London Fashion Week: The New Guard Reviving the British Capital

Mar 6, 2026 | Brands, Fashion

The ballet of fashion capitals has officially resumed. From February to March, the Big Four follow one another with back-to-back shows, already shaping the narrative of next winter’s silhouettes. While Paris is set to unveil its womenswear collections from 3 March, a stop in London is essential before diving into the blue-white-red effervescence. Beyond the looks spotted in recent weeks, it is an entire creative ecosystem that deserves attention. The British capital periodically declared weakened proves it hasn’t said its last word.

A New Guard Making Waves

Some claim it’s losing momentum. London is often portrayed as economically vulnerable, especially in the wake of Brexit, overshadowed by the powerhouse fashion capitals of Milan and Paris. And yet, both on the catwalk and in the intimate salons where collections quietly reveal themselves, a different pulse is emerging. It’s driven by a generation that isn’t waiting for permission to take its place.

The list of names reshaping the landscape grows longer season after season: Conner Ives; Simone Rocha, already firmly established, yet unveiling her first collaboration with adidas this season; the duo Chopova Lowena; Lucila Safdie; and Jawara Alleyne.

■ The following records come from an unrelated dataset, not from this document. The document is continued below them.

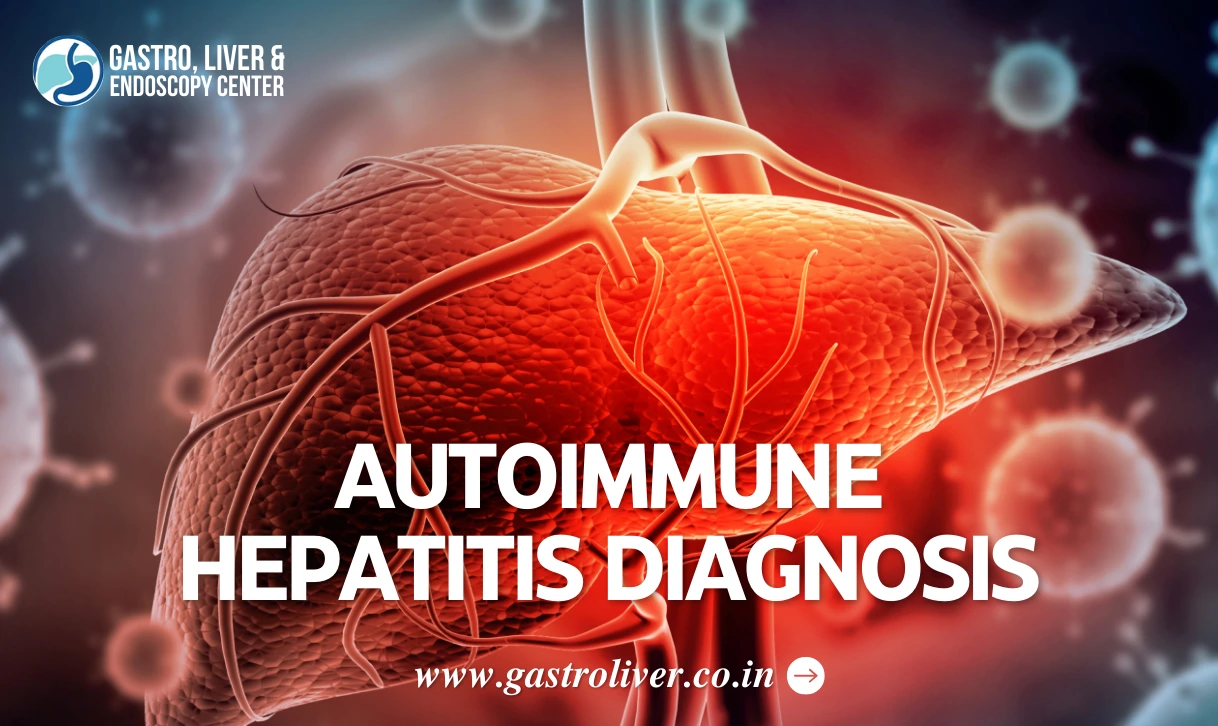 Autoimmune Hepatitis Diagnosis: Facts, Treatment, and Causes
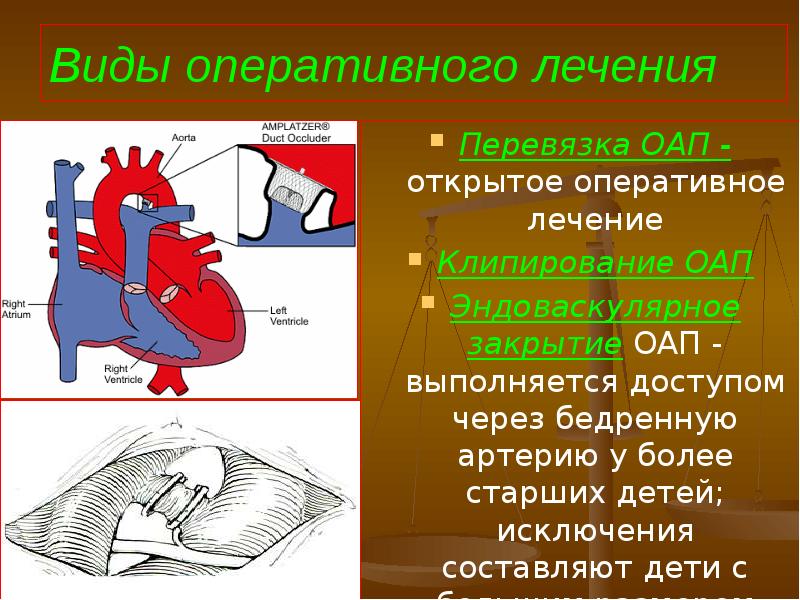 Открытый артериальный проток презентация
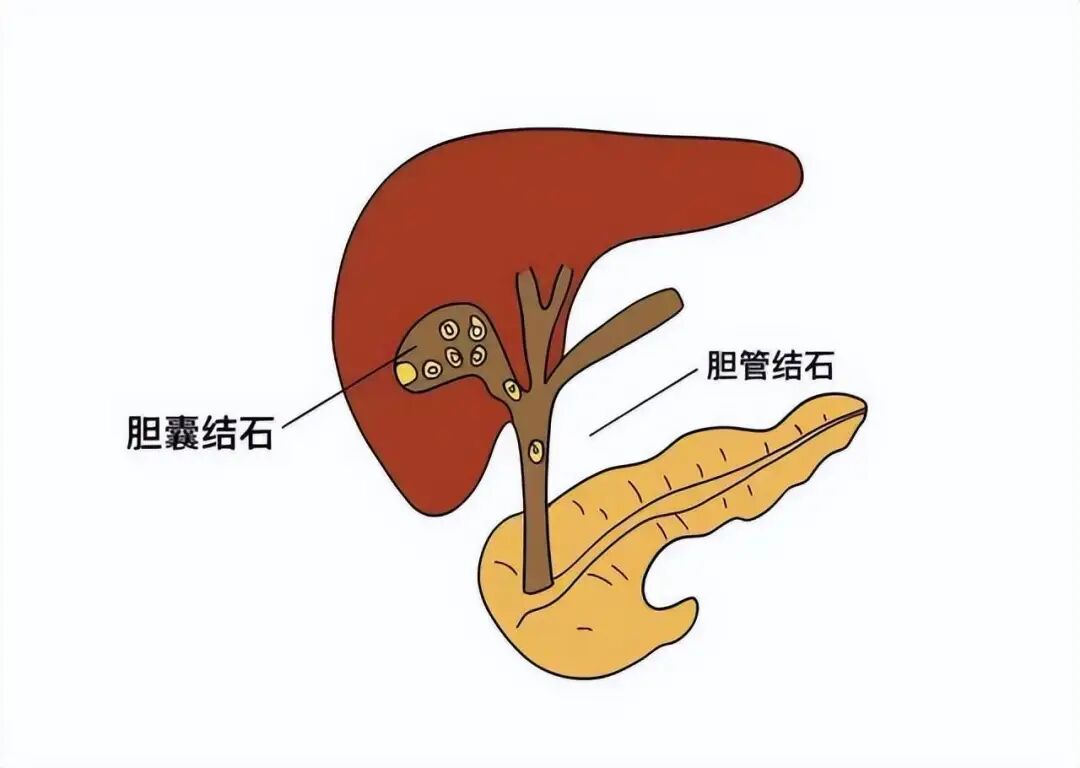 连续3个年轻的胆囊癌患者,让我决定写下这篇文章
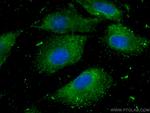 RAB3D Antibody in Immunocytochemistry (ICC/IF)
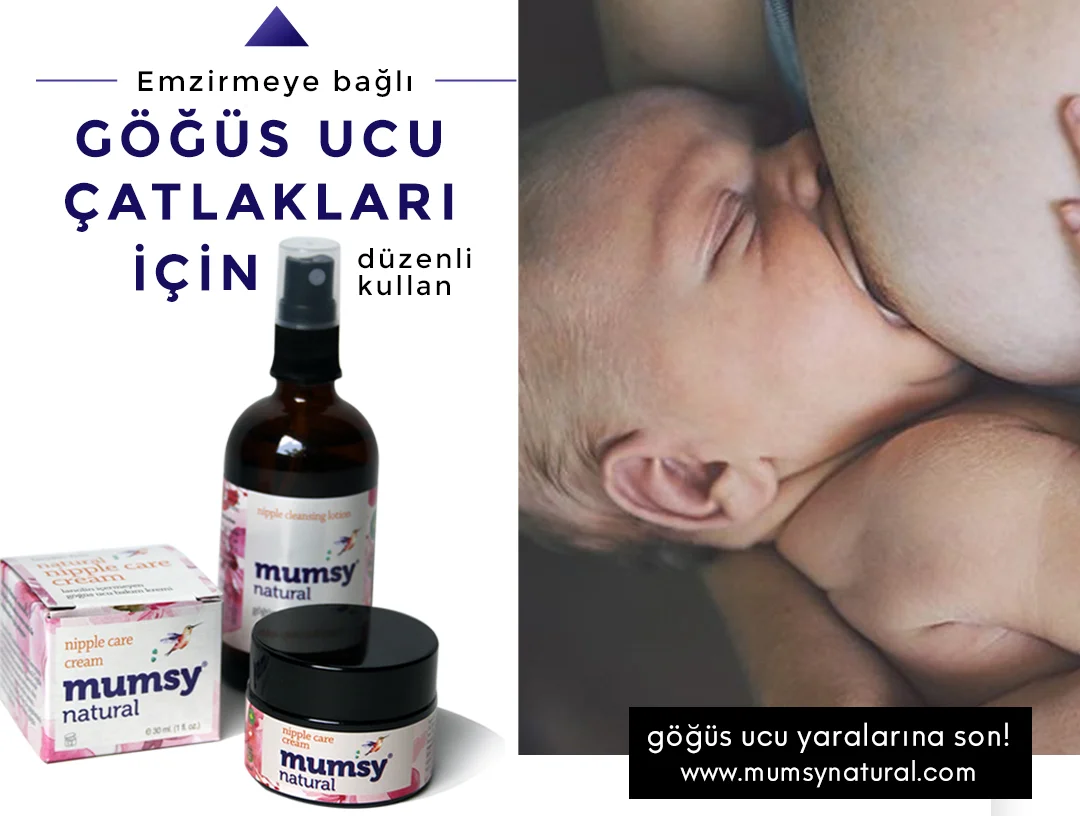 Göğüs ucu yarasına ne iyi gelir? Meme çatlaklarına ne iyi gelir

The latter, whose creations are already worn by Tyla and Rihanna, opted this season for the closeness of a presentation, almost conceived as an exhibition. An intimate format that highlights the designer’s deep interest not only in the garment itself, but in the material.

@chopovalowena

At Chopova Lowena, the pleasure lies in the collision of references, think Regency-inflected romance meeting the crisp precision of a perfectly kept golf course at dawn. The label’s emblematic pleated skirts remain central, but beyond the surface charm is a practice rooted in circularity. Garments from past collections are reworked and reimagined, making sustainability not just a statement, but the foundation of the aesthetic itself.

@luciliasafdie

Lucila Safdie, for her part, builds around the idea of community. The Argentine designer conceives her collection alongside those close to her, blurring the line between the intimate circle and the public sphere. In a refined salon with eighteenth-century accents, the square necklines of demure dresses meet more contemporary sheerness. A successful tension that firmly places the designer at the forefront of the London fashion scene.

@connerives par @dieglago
@connerives par @dieglago

As for Conner Ives, the American designer based in London, he opened his show with Tish Weinstock. The casting was deliberately diverse, with each model radiating a distinct presence, as if existing entirely on their own terms. The collection carried us back a century, to a Germany amid profound transformation. Beneath the surface ran a subtle parallel with today’s United States, the country the designer calls home. It felt both like a quiet critique and a way of harnessing the charged spirit of a pivotal era, opulent yet uneasy, suspended between worlds.

In his own words: “Glamour to subdue the dread”, elevating beauty to keep anxiety away. What lingered were the scarves knotted low on the hips, the smooth lines of the silhouettes, that carefully calibrated nonchalance, and the floral and bird embroideries that seemed to make time stand still. 

Awarded the BFC/Vogue Designer Fashion Fund in 2025, Ives also points to a more structural reality: resources matter. Winning this prize means being able to strengthen his team, solidify the brand’s foundations, and think beyond the next season. In London, perhaps more than anywhere else, funding remains a critical issue for emerging labels. Talent alone is not enough; it takes an ecosystem capable of sustaining it.

London, the matrix of creation?

What perhaps sets London apart is less its commercial power than its ability to bring new talent to the surface. Each season, the final collections of students from Central Saint Martins draw attention far beyond the United Kingdom. The graduate show acts as a barometer: it reveals radical silhouettes, textile experimentation, and deeply personal narratives that foreshadow tomorrow’s debates.

@jacekgleba
@mayhew
@mayhew

Alongside them, the incubator Fashion East, founded by Lulu Kennedy, supports young designers over the course of three seasons. This season, Jacek Gleba, Mayhew and Nuba are benefiting from this platform. More than just a springboard, Fashion East operates as a mentoring structure, but also as a creative agency, facilitating collaborations with established brands.

This support has produced names that have since become essential: Jonathan Anderson, Grace Wales Bonner, Kim Jones and Martine Rose. Since 2000, Lulu Kennedy has acted as a guiding figure, ensuring that London’s creativity is not swallowed up by market constraints.

London Fashion Week does not necessarily seek to compete in terms of scale or numbers. It cultivates something else: a taste for experimentation, a tolerance for imperfection, and an ability to make heritage and rupture coexist. The fashion scene has its challenges, but the British capital still feels like a creative laboratory. As long as young designers can experiment, question the rules, and put forward new ideas, London will remain very much alive.